L’important potentiel d’applications explique pourquoi le consortium du projet Phase-Change Switch, qui durera jusqu’en 2020 avec un financement européen à hauteur de 3,9 millions d’euros, compte dans ses rangs deux grandes entreprises – Thales (France) et IBM Research (Suisse). Elles s’ajoutent aux partenaires académiques que sont l’EPFL, la Max-Planck-Gesellschaft (Allemagne) et l’Université de Cambridge (Grande Bretagne), ainsi qu’à AMO Gesellschaft für Angewandte Mikro- und Optoelektronik GmbH, une spin-off dédiée à la recherche de l’université d’Aix-la-Chapelle (Allemagne).

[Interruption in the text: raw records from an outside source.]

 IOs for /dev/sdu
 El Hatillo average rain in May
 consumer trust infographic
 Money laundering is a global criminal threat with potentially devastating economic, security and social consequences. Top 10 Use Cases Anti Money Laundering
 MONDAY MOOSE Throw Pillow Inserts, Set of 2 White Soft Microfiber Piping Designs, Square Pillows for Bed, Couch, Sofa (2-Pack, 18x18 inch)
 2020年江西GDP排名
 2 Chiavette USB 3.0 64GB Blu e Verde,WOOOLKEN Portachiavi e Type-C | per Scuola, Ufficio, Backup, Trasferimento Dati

Le défi: augmenter la température
Bien que connues de longue date, les propriétés électroniques du VO2 n’ont pu être expliquées que récemment. L’augmentation de la température opère une réorganisation des atomes au sein du matériau. De cristallin à froid, il devient métallique lorsque la température de 68°C est atteinte. L’avantage étant que cette transition s’opère extrêmement vite, en moins d’une nanoseconde. « Le matériau est également sensible à d’autres paramètres susceptibles de le faire changer d’état, précise Adrian Ionescu, professeur à l’EPFL, responsable du Laboratoire de dispositifs nanoélectroniques (Nanolab) et coordinateur du projet H2020 « Phase-Change Switch ». On peut ainsi provoquer le changement de phase soit par une action sur la température, soit par l’application d’une tension électrique, ou encore par l’émission d’une onde radio dans les fréquences térahertz ».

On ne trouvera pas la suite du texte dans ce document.